Adaptation strategy by Asean on climate change: Asean Working Group on Climate Change (AWGCC) was formed to find common ground to fight climate change and hence, they agreed to share information of sea level rise, extreme events in detailed levels.
Asean on sharing expertises:
ASEAN Haze Monitoring System (AMHS) developed by Singapore cost $100,000 is expected to make use of land concession maps from each country, hot-spot data and high resolution satellite images to pinpoint companies responsible for burning land illegally.
Asean work closely in conducting researches and a number of joint programs related to forest and natural areas. E.g. Global Environment Centre
Thailand (Thailand Greenhouse Gas Management Organization, TGO) make a good position in Carbon Labelling.
Malaysia share their expertise promoting Green Building Monitoring Tool – monitor the life cycle of architecture / building.
Here are some Q&A on how Asean Countries handle Peatlands and Climate Change:-
Q: Do you have any framework on tackling illegal forest burning and encroachment?
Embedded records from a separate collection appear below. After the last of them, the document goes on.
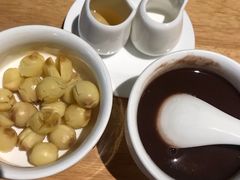 养生莲子-兰亭轩茶餐厅(长江路店)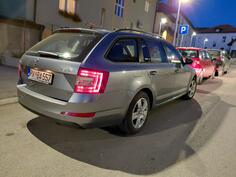 Škoda - Octavia - 1.6 TDI 77KW
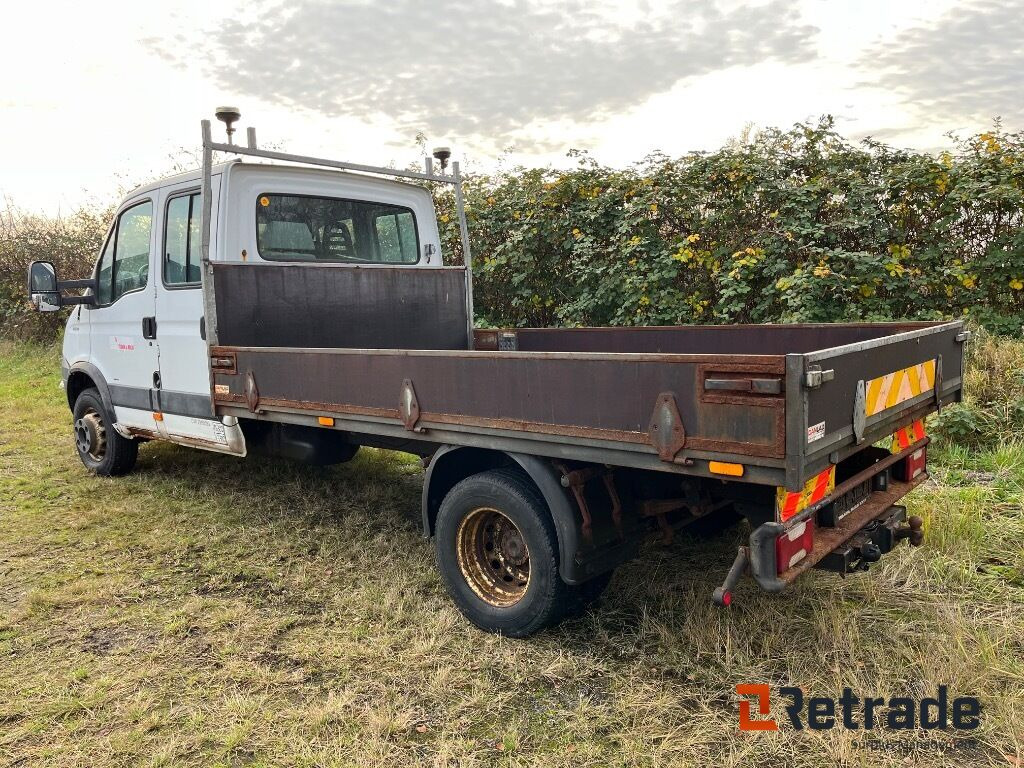 IVECO 65 Dobbelt kabine lastvogn. - Dostavno vozilo s kesonom, Dostavno vozilo z dvojno kabino: slika 4 IVECO 65 Dobbelt kabine lastvogn. - Dostavno vozilo s kesonom, Dostavno vozilo z dvojno kabino: slika 4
As I understand, Asean cannot interfere other Asean countries that causes this problem.
Law and legislation are there but there is lack of implementation/enforcement on peatlands in the region. Currently Asean is coordinating enhance capacity of local government, local sectors, and community to work together. Further works need to be done.
Q. Direct to Dr. Gary: I am struck by your statement that ASEAN countries want to develop without becoming the major emitter. How Asean can contribute in the debate in equity when it comes into the agreement. How Asean can come into play in the negotiation?
Dr. Gary: There is growing role in Renewable Energy. Asean does not have access to traditional Renewable Energy like wind, and solar. We are looking forward to something like biomass and wave energy. This is where technology transfer comes in. This could be the pathway where we can achieve clean energy.
Rehabilitation of peat swamps are achievable in other parts of the world but we need to consider the cultural, and social parts of the world.
With the current technologies – it is evident the cost is very high. For instance, to build a railroad, every one meter you need two concrete slippers. We know the carbon price of steels and concrete slippers. We need to pass via a phase where carbon emissions will be higher. We are trying to incorporate that into agreement. Benefit of that, you can remove x number of cars. Means and numbers are there. We need to come down to speak honestly. We need to come down to the level where we can honestly discuss and work on this together.
Q. I think we are overlooking issue such as peatland subsidence. Peatland oxidize, carbon release to the air and soil is lowered 5 cm per year. In asean region. Bottom of the peats lie below. What would the solution be in addressing such issue?
Peatland subsidence (lowering of the soil): Impact of drainage without fire has been recognized as the main sources of GHG. That has led to adoption of new principles and criteria. Any plantations on peat must do a drainage projection on the next 40 years. If not, it must rehabilitate and use only for wet-production. Only applicable to RSPO for now. This is one of the major challenges in the future.
Q. Long Term Solution for Haze Problem?
Dr. Gary: Long term solution to the haze problem lies in building your capacity of indigenous and local people the dangers of traditional agricultural practices in a changing environment.